# Getting a "Real" GPS... Advice Appreciated



## bonehead (Dec 9, 2016)

Trying for it to in that space between the wheel and throttle. Am also thinking about putting some kind of arm between the wheel and cooler, having it stick straight up.


----------



## Egrets Landing (Feb 11, 2016)

You need to add a 4" wide Aluminum Shelf to the front of the console. You can get one fabricated. Others have had it done. Then you can add an adjustable mount to that on the far left side. Use a balzout lowrance mount with a 9" arm. The unit can then float where you need it over the wheel.
Get a 12" Simrad Evo 2 if you can find one as that is the best unit for the money now. They are discontinued and very hard to find. An Elite Ti 12" would also work. If you want the best mapping and most options stay with Navico.

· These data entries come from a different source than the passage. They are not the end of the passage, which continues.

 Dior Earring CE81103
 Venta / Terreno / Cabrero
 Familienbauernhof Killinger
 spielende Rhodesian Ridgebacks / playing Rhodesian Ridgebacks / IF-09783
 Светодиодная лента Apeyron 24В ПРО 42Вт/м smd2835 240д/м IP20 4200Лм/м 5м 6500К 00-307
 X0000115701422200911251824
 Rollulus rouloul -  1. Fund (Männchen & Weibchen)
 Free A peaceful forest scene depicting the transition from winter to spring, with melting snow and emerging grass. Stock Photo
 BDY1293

Do not get a Simrad GO series and do not get any Garmin. The 12" Navico units have 2.67x the screen res of the smaller screens.


----------



## hunterbrown (Feb 17, 2014)

I'm about to get a lowrance elite 9 and florida marine tracks for my skiff. Cabelas has the basic unit with no transducer for $100 off of $850 through May.


----------



## Egrets Landing (Feb 11, 2016)

See the recent install photos on the FMT fb page of a mount on a tiny side console.


----------